Its operation is similar to that of a thermal power plant or that of a solar thermal plant: from a source of energy thermodynamics is used to obtain heat, with the heat to get steam and with the steam to drive a turbine that will generate electricity.
The difference between the different types of electrical installations is in the energy source: a nuclear power plant uses the heat released in the nuclear fission reactions of certain atoms, in a thermal power station the heat source (thermal energy) comes from the combustion of one or more fossil fuels (coal, natural gas, fuel ...). Finally in thermoelectric solar plants, the source of energy is solar radiation.
The thermal energy used by the nuclear power plant to generate electrical energy is generated by a nuclear reactor. Within the reactor, chain fission reactions occur in a controlled manner. The element that fission, the nuclear fuel, is natural uranium or enriched uranium.

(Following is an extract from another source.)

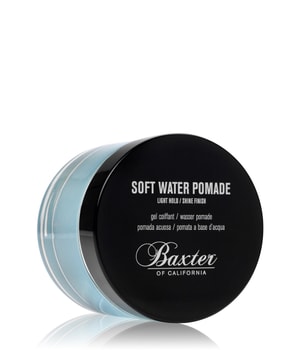 Baxter of California Pomade Soft Water Haarwachs  60 ml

Enriched uranium is natural uranium with a higher uranium-235 isotope ratio.
In addition to the reactor, a nuclear power plant always consists of a steam turbine, an alternator, two or three circuits - primary, secondary and tertiary - and one or more cooling towers of condensing fluid, which is usually water. The total efficiency is between 30% and 40%.
The operating lifetime of a nuclear power plant is usually considered in about thirty years. The main problem they present is the management of the nuclear waste they generate.

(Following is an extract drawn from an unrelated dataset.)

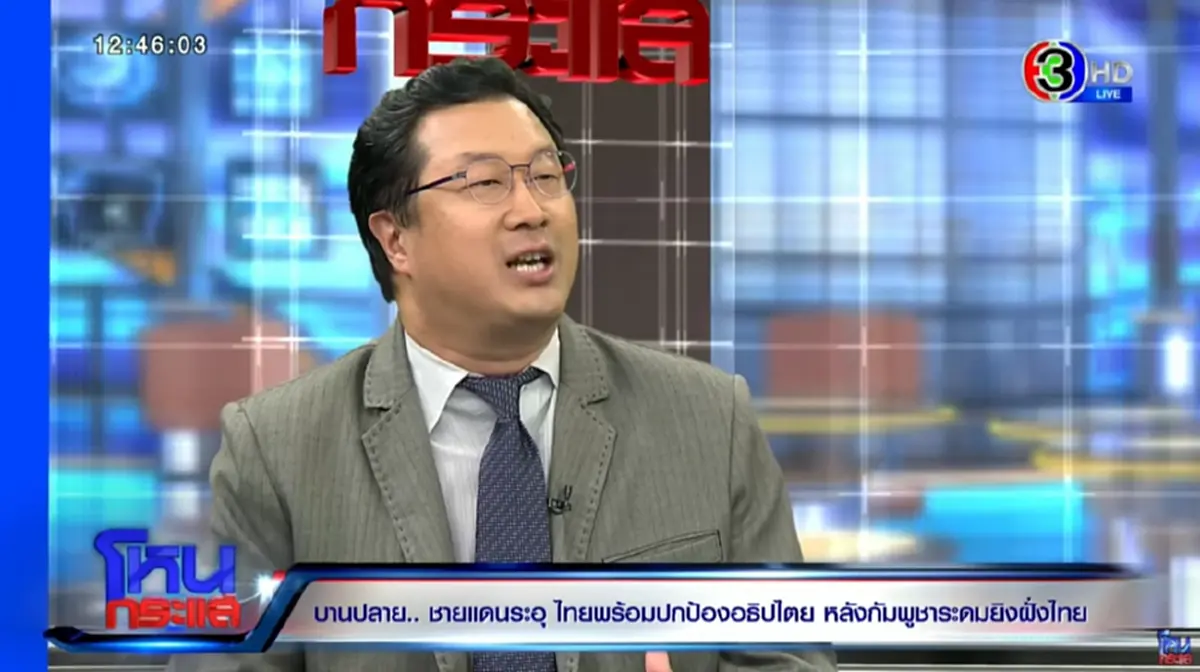 รัฐบาลกัมพูชาอาจไม่สะทกสะท้าน ถ้าประชาชนเสียชีวิตเป็นเบือ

Basic operation of a nuclear power plant
In a nuclear power plant, energy is extracted from the nucleus of atoms by means of its division (nuclear fission). The atoms have internal bonds that unite their subparticles (electrons, neutrons and protons). When divided, these bonds break and release the inner bonding energy inside the atom that bound the separated particles.
Nuclear fission is generated artificially and in a controlled manner. In this, a neutron is fired to an atom of a large chemical element, a small particle at a certain speed, that breaks the atom (breaking its nucleus, formed by neutrons and protons linked by very energetic bonds) in an exothermic nuclear reaction, so a lot of energy is released in the form of heat (thermal energy).
Nuclear chain reaction in the core
To get that the energy obtained be greater than the energy used, it is necessary that the nuclear reactions are chain reactions. Thus, in spite of it takes a lot of energy to start the nuclear chain reaction, once the reaction is initiated, it does not take as much energy to maintain it, and there comes a time when the energy obtained is higher than the energy used. To achieve this it is necessary that the large chemical element (we call heavy, with a high atomic mass) is also radioactive. The element that is usually used is a rare isotope of uranium.
Chain reactions occur in the core of the nuclear reactor. Subsequently, a circuit of tubes through which a fluid called coolant flows will be in charge of transporting the heat (thermal energy) out of the tank by cooling it.
With the heat obtained from the nuclear reactions, water is heated until it boils; The water is converted to steam at a very high pressure. With steam under pressure the blades of a turbine are made to move. In this way we have converted thermal energy into mechanical energy. The turbine will connect to an electric generator (or alternator) that allows us to transform mechanical energy into electrical energy (or electricity).
This process is explained in more detail in the section: operation of a nuclear power plant.
The nuclear reactor is the most important part inside a nuclear power plant.
In the reactor of the plant the chain reaction begins by bombarding an atom with a neutron. Once initiated the reaction can be controlled in the same reactor by the control rods and the neutron moderator.
Types of nuclear reactors used in nuclear power plants
In the world there are different types of nuclear reactors, all of fission, installed in the different nuclear power plants. The UN classifies them as follows:
- Pressurized water reactor (PWR and VVER). They use water at high pressure to produce steam to steam generators. They have three circuits. It is the most used in nuclear power plants.
- Boiling water reactor (BWR): The second type most common in the world. The water boils, generating steam directly into the reactor core. The steam generated drives directly the turbines. They have only two circuits.
- Pressurized heavy water reactor (PHWR): Uses high pressure heavy water as a neutron moderator and as coolant.
- Gas reactor (GCR: AGR and Magnox): this reactor type uses graphite as a moderator of neutrons and carbon dioxide in the gaseous state as coolant.
- Graphite moderated by light water cooled (LGR and RBMK): Models of Russian origin. "Light water" is normal water.
- Rapid reactor (LBR, or LMFBR): It does not decelerate neutrons from the chain reaction and cools with liquid sodium. They are in prototype and research phase.